通販番組を見ていたら、一日に一度は聞くであろうこのフレーズ、ありふれたものではあるけれど、いろんな意味を含んでいるように思います。ちょっと深堀りしてみましょう。

価値とは何だろう

価格について考える前に、物の価値について考えていこうと思います。
わかりやすくするために、下記の鬼滅の刃の主人公の竈門炭治郎パーカーについて考えてみます。

一般的に、その時点におけるそのものの価値について考える時、普遍的な価値と、付加価値の2つに分けられると思います。

付加価値、とはよく聞く言葉だが、このパーカーでいえば
「今流行している鬼滅の刃をモチーフにしている」
「話題性がある」
「好きなキャラクターだから、子供が喜ぶ」
といったことがあると思います。

普遍的な価値について考えれば
「肌寒いときにあると便利」
「テーマパークで迷子になっても見つけやすい」
といったことがあるのではないでしょうか。

ここに関しては主観がほとんどなので、様々なものが当てはまると思います。
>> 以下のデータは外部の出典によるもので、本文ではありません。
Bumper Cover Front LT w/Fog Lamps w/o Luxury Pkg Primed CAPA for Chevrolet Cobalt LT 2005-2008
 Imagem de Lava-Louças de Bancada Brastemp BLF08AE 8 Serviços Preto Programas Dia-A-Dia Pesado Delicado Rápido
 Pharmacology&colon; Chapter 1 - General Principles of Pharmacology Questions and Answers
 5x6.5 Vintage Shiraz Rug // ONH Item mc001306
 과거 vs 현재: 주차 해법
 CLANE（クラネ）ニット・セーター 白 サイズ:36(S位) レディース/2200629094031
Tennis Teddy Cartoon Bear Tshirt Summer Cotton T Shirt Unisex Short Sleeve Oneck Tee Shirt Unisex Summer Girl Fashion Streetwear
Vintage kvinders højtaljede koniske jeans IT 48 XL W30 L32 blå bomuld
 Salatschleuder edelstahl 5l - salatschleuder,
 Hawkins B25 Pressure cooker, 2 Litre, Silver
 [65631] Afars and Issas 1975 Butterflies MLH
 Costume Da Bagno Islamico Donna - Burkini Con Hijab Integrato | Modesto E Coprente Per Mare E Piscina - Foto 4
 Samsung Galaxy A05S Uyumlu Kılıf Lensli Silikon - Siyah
もう少し踏み込んでみます。

その付加価値は、どれぐらいの期間で推移するものだろうか?

「沙羅双樹の花の色、盛者必衰の理を表す」とあるように、流行が廃るのは過去も今も変わらないようです。別に新しくもないこの視点だけれど、この「流行はどれぐらいもつのかな~」という感覚はきっと、服を買う時なんかに無意識のうちに考えていることでしょう。

だからこそシンプルなデザインのものは強い。流行に関係なく長く使うことができるから。

これまでの話を逆から捉えてみると、今は低く見積もられているものが、後になって付加価値が出てくる、という事例もあると思います。
例えば、春先に割引になっている冬物のフリースやアウターは、翌年の秋口以降は普通に使えています。
(もちろん最新のデザインであるという価値はなくなっていますが)

ここまでで、価値は季節性(≒時間の推移)によって上下するものだ、ということを確認出来たのではないかな、と思います。

今欲しい、にいくら払うのか?

これまで店舗運営、ウェブマーケティング、会社経営といろいろな分野に少しずつかかわってきた私が声を大にして言いたいのはココ。特にオンラインで、EC購買やC2Cの売買が出来る今だからこそ、この問いかけは大事だと思うし、これからも大事にしていきたいですね

コンビニという不思議なビジネスモデル

例を挙げるなら、コンビニエンスストア。今や石を投げれば歯医者かコンビニか床屋に当たる、と言われるくらい増えたコンビニですが、このビジネスモデルうまくまわるのって、結構不思議だしすごいことだと思うんです。価格競争に振らないビジネスって口にするのは簡単だけれど、実現するのはとても難しいですから。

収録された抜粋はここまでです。